Scraped caption text data:

-- Opening Marker --

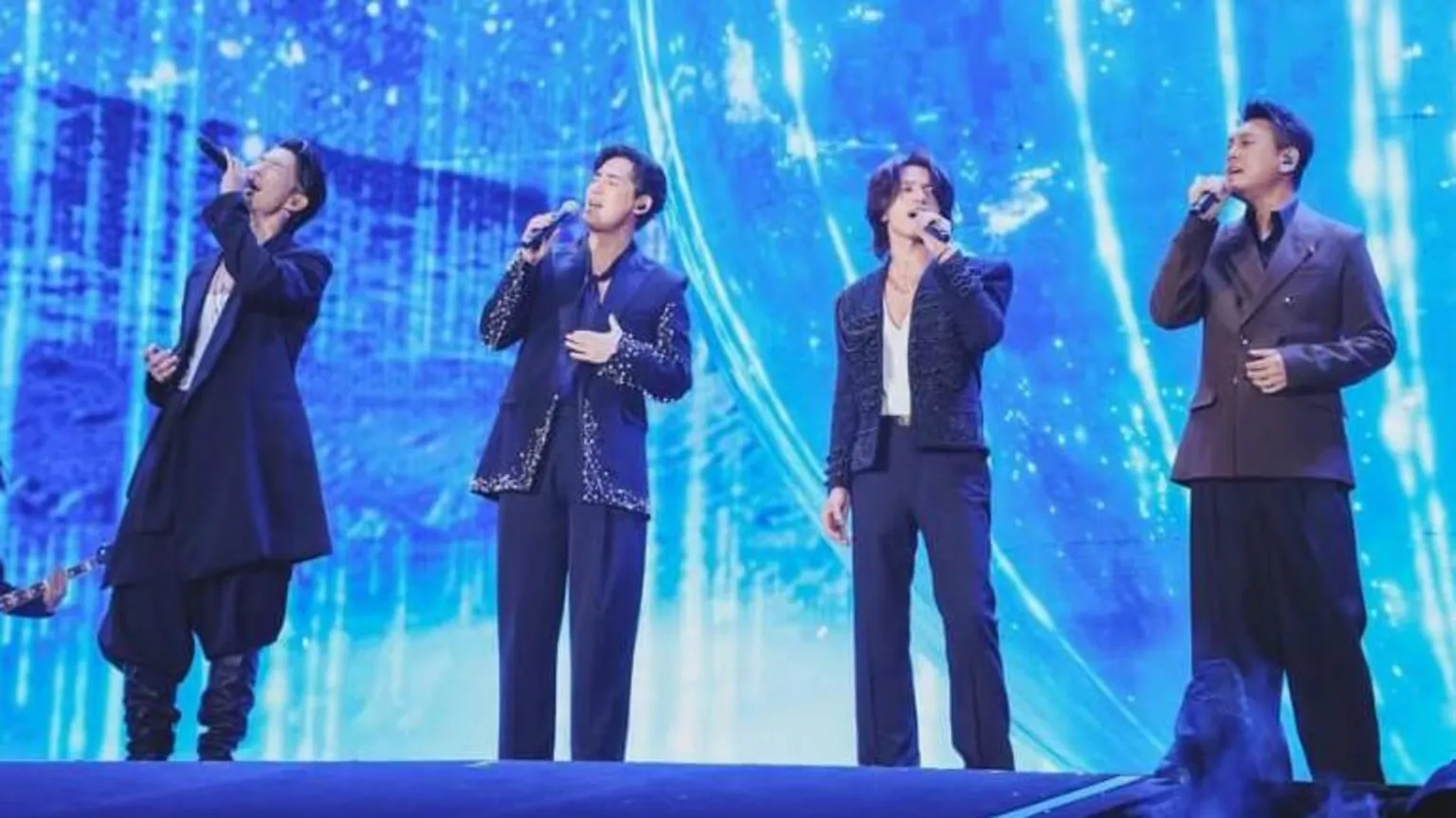 F4 de Taiwan surpreende fãs com emocionante reencontro inesperado O quarteto catapultou à fama no início dos anos 2000 após estrelarem o drama de TV Meteor Garden (Foto: Instagram/vic.chou_official)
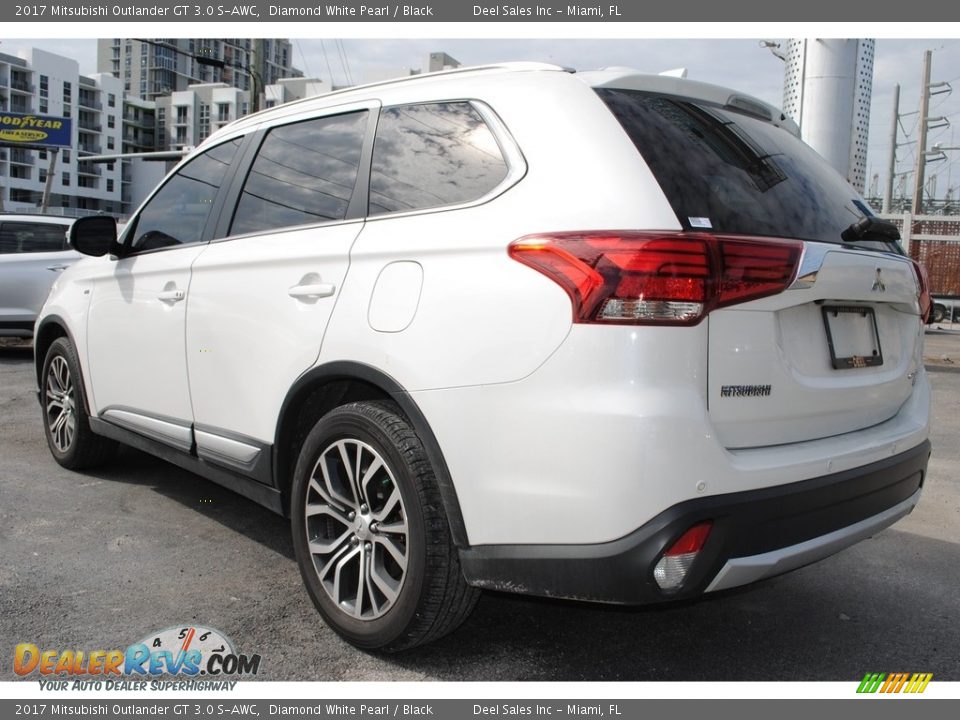 Diamond White Pearl 2017 Mitsubishi Outlander GT 3.0 S-AWC Photo #7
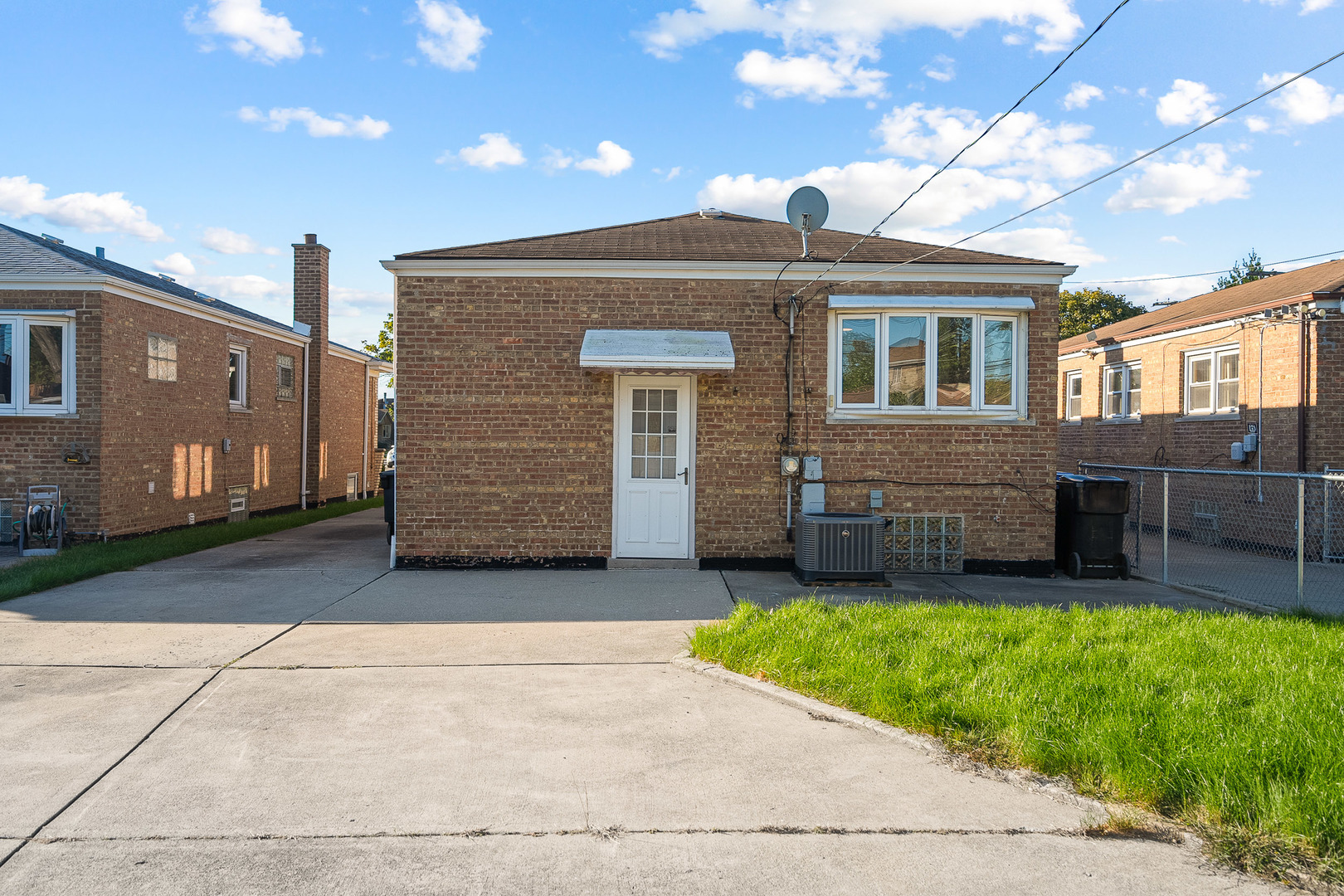 6034 W 60th Street, Chicago, IL 60638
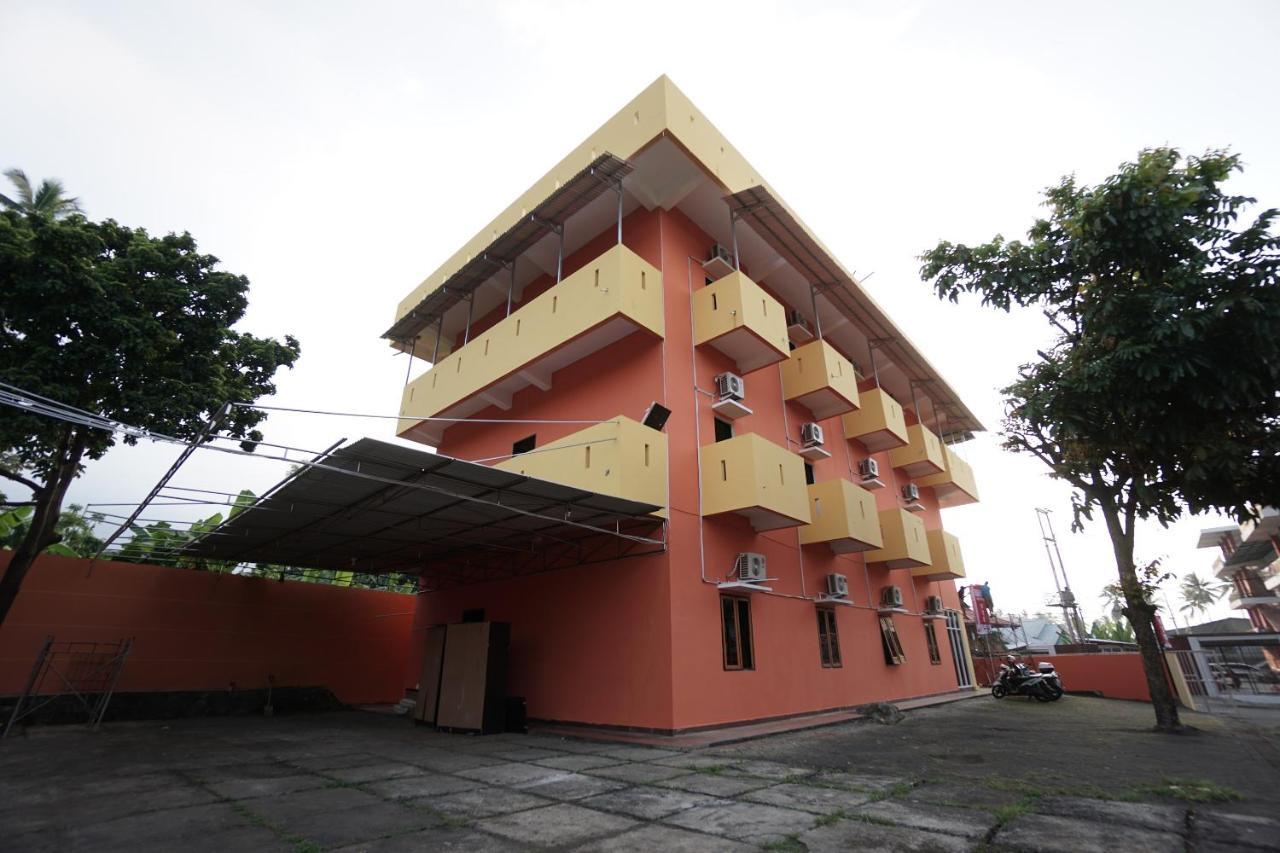 Oyo 2486 Bahana Guest House Μανάντο Εξωτερικό φωτογραφία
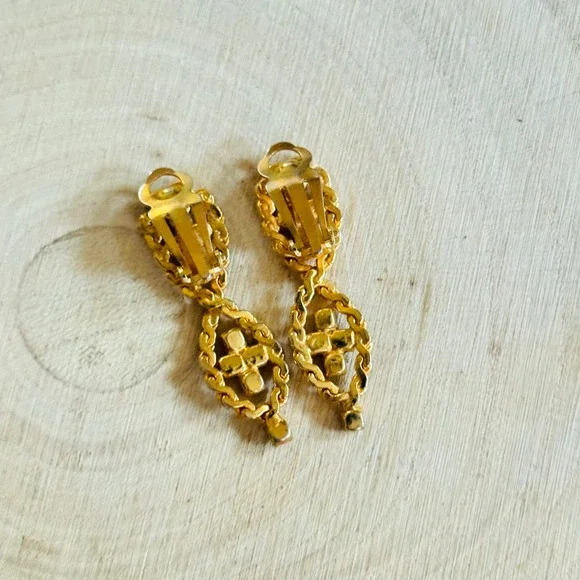 Regal Earrings VTG Blue robin egg rhinestone Gold Tone jeweled Clip dangle 2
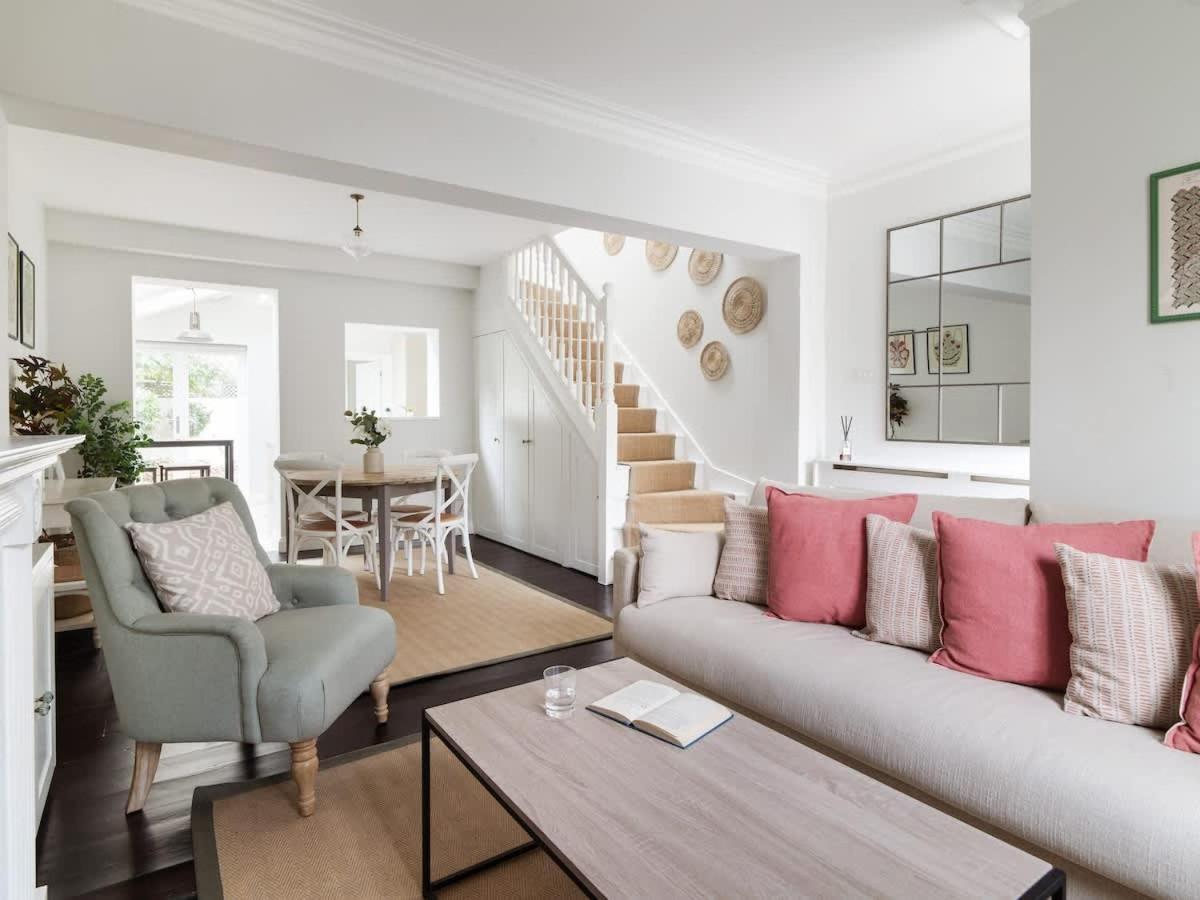 Newly Refurbished House Sleeps 5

-- Closing Marker --

# WHAT THE EXERCISE ASKS:
Quote exactly, and nothing besides, the lines from the one with "Oyo 2486 Bahana" through the end of the records above; include both ends and omit the pictures.

# ANSWER BOX:
 Oyo 2486 Bahana Guest House Μανάντο Εξωτερικό φωτογραφία
 Regal Earrings VTG Blue robin egg rhinestone Gold Tone jeweled Clip dangle 2
 Newly Refurbished House Sleeps 5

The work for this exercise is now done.